§ TASK OBJECTIVE: Filter the entries and keep only the lines where the string "Часть" appears.

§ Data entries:
- - - - - - -
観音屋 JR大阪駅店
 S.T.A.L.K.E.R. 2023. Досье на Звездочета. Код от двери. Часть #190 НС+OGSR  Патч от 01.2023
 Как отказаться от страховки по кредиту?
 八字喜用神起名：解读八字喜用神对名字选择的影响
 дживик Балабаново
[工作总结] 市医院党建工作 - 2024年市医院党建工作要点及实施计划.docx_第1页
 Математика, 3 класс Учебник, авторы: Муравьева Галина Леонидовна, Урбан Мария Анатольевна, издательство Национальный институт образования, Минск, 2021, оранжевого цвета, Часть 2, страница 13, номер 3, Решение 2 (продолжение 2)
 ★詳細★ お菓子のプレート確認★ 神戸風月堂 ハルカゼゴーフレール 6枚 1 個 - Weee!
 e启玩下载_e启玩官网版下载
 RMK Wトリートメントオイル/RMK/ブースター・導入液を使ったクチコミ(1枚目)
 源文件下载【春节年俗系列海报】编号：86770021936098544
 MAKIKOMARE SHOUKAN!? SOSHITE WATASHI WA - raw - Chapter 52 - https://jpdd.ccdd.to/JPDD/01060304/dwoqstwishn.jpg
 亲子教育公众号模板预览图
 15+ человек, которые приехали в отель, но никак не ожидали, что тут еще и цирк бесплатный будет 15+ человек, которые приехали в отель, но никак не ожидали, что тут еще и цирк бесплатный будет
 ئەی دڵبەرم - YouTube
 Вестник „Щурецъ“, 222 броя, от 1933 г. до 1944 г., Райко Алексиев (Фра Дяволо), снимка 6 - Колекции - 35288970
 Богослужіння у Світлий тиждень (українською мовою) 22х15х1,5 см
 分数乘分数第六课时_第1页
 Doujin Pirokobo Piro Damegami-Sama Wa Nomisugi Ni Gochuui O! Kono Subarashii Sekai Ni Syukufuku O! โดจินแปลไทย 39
- - - - - - -
§ ANSWER SECTION:
 S.T.A.L.K.E.R. 2023. Досье на Звездочета. Код от двери. Часть #190 НС+OGSR  Патч от 01.2023
 Математика, 3 класс Учебник, авторы: Муравьева Галина Леонидовна, Урбан Мария Анатольевна, издательство Национальный институт образования, Минск, 2021, оранжевого цвета, Часть 2, страница 13, номер 3, Решение 2 (продолжение 2)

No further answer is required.